When Pakistan was both East and West (1947-1971), the Urdu-speaking Biharis were only partially integrated into the Bengali society of East Pakistan and remained a distinct cultural-linguistic group. They generally associated and identified themselves with the West Pakistani regime as they shared the same language, Urdu. They also acted as go-betweens for the West Pakistani ruling elite and their Bengali subjects. As a result, the Biharis enjoyed government backing and special treatment in various sectors of the East Pakistan economy.
Nearly 40 years after the independence of Bangladesh, 'Urdu-speakers' (the term Biharis prefer) are slowly being integrated; the younger generations speak Bangla as a first language and easily intermarry with Bengalis. Their kebabs are legendary and Geneva Camp is famous for having the best kebabs in town. Biharis are also thought to be the best tailors.
Noor Islam Pappu: young Geneva Camp resident
Initially, relations between Bengalis and Urdu-speakers were very difficult. There is a big open space or 'park' [math] outside Geneva Camp along Humanyun Road. The Camp children used to play there to while away the long summer evenings to beat the heat caused by recurring power failures in their cramped lodgings. But the Bengali inhabitants living around the park started complaining and asked that a wall be erected around the park to keep out the Camp kids. The Municipal Corporation built the wall and put the entrance to the park on the side furthest from the Camp. This created a lot of ill feeling as the Bengalis started controlling access to the park. The Bengalis are considered 'posh' by the Urdu-speakers and are definitely much richer than the Urdu-speakers living in the camps.
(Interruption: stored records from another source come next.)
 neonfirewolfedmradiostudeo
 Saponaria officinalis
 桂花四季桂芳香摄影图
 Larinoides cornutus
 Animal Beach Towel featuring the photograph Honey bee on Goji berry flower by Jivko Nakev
However, it seems that with the coming of the new millennium things have radically changed. The Bengali kids who used to kick out the Camp-dwelling kids from the park now come and play with them. They have also started addressing the Urdu-speakers as 'tumi' instead of the derogatory 'tui' [when used for someone not related or well known to them].
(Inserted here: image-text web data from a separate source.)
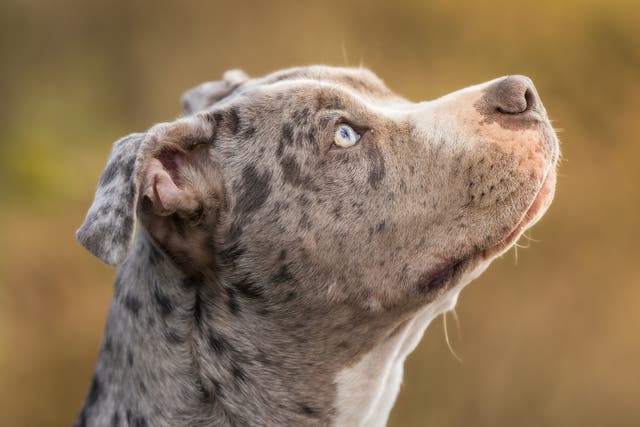 <p>Dogs are our cuddly, dependable, loyal companions. But there’s been a shift in the mood of late when we think of man’s best friend</p>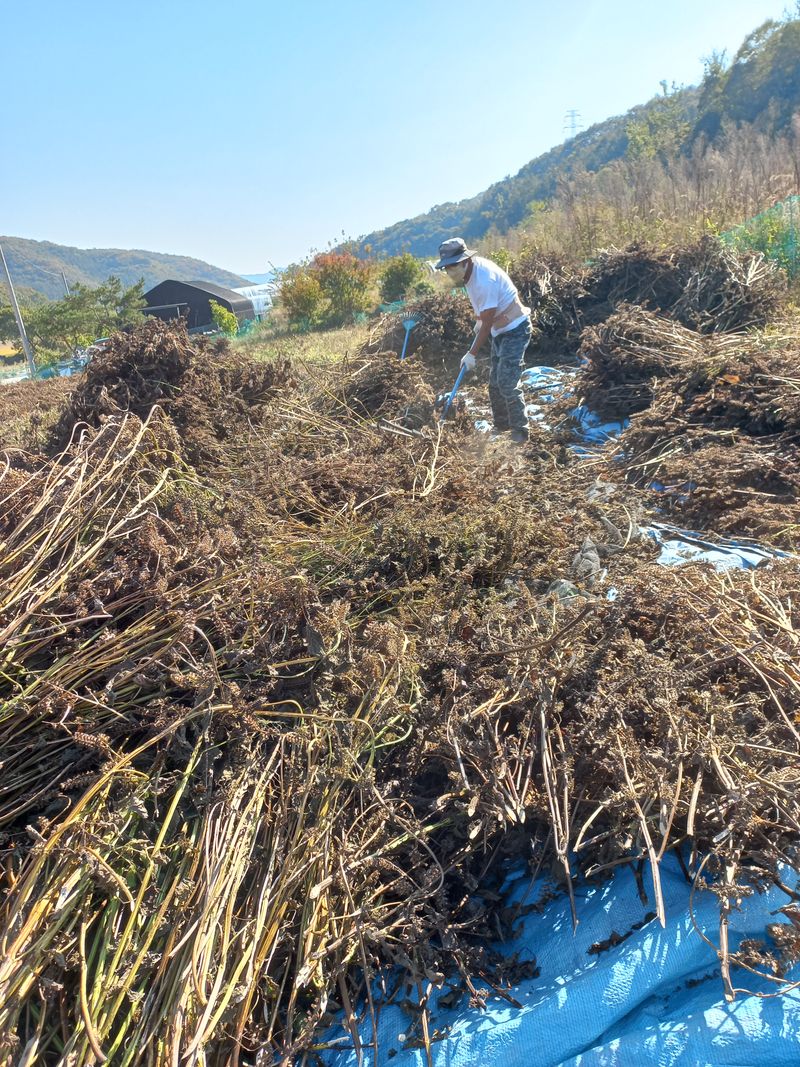 장터 상품 [들깨 6키로한말  8만 원에올립니다] 썸네일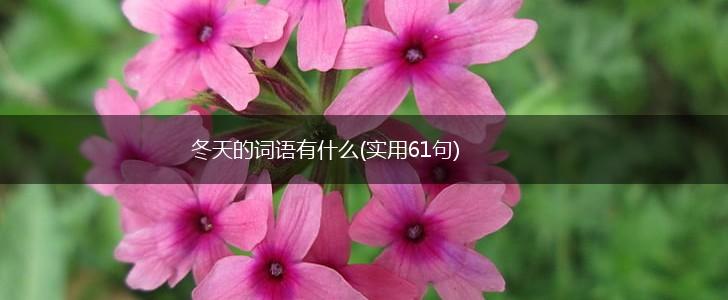冬天的词语有什么(实用61句),第1张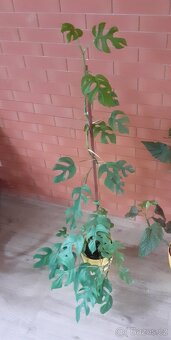 Monstera minima - 3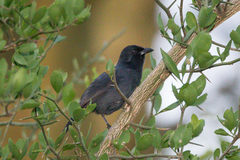 Laniarius funebris
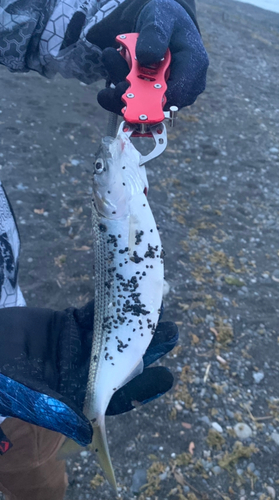 コノシロの釣果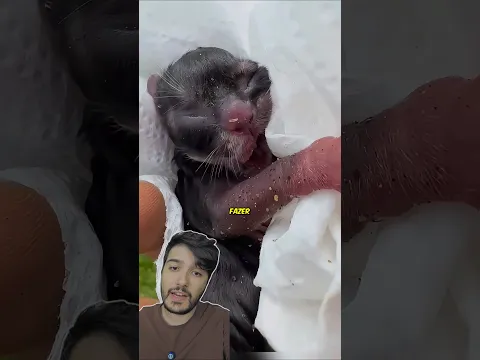 Confundiu a PANTERA com um GATINHO! 😱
Religious festivals and gatherings
The Muslim festivals of Eid ul-Fitr, Eid ul-Adha and the Hindu festivals of Durga Puja and Sarawati Puja are popular. The Biswa Ijtema – the largest gathering of Muslims after the hajj – takes place in Tongi along the river Turag on the outskirts of Dhaka every year. Moharram is celebrated by the Shias and the Bihari Muslims in Dhaka. Beautifully decorated 'tazias' (replicas of the tomb of imam Hussain) are created and taken out in processions along some Dhaka streets.
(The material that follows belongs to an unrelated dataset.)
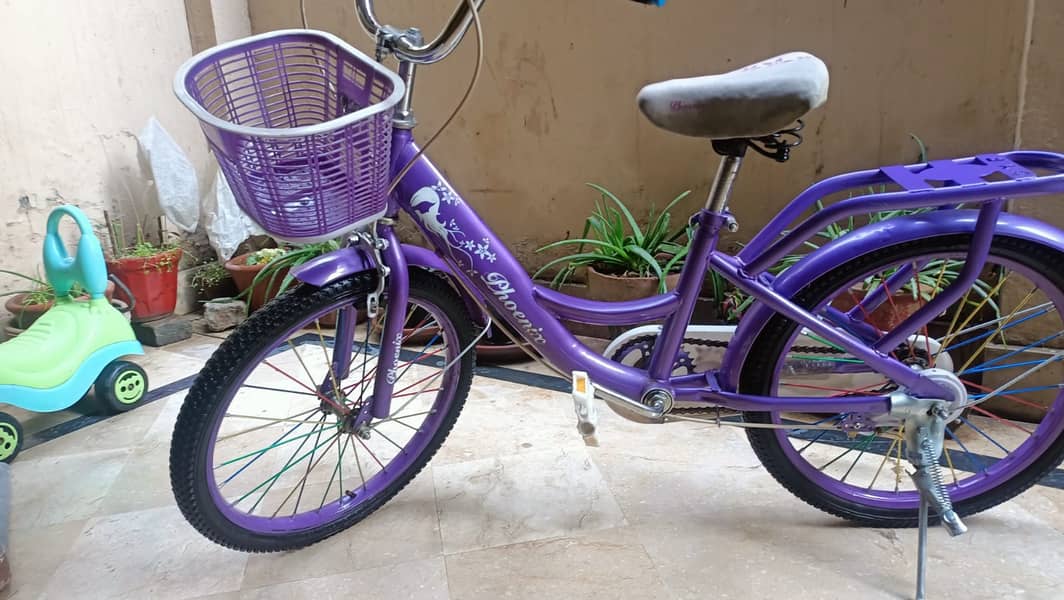 Two Stylish and Durable Baby Girls' Bicycles 0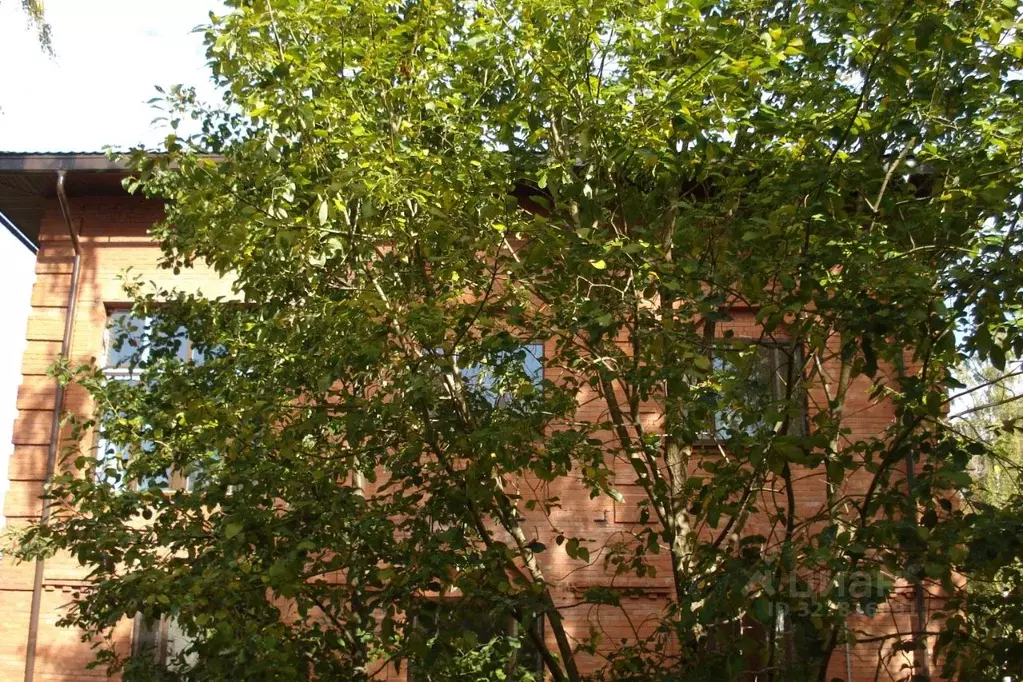 Дом в Санкт-Петербург, Санкт-Петербург, Петергоф ул. Беловой (260 м) - Фото 0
Rana: young paiki joining the festivities of Moharram
The mud brought from the graveyard and placed inside the tazia is supposed to represent the tombs of Hasan and Hussain. Nobody should see it and this is why the Khalifa [who is responsible for the processions] covers it up with a red and a green cloth or paper to represent the tombs of Hasan and Hussain respectively. Hussain died by the sword [red cover] and Hasan was poisoned [green cover]. The tazias are taken out on the night of the tenth day. A small procession is organised amidst a lot of drum-beating and mock fights with swords and sticks and fire – performances showing off physical prowess and daring. This usually happens in the various camps – just outside the entrances on the main streets and between midnight and 2.00am. During the afternoon of the next day, the tazias are paraded amidst much pomp through the streets from one camp to the next. Thousands of people watch or join in these processions during which there is the usual drum-beating, swordplay, fire-eating, etc. We have a lot of fun.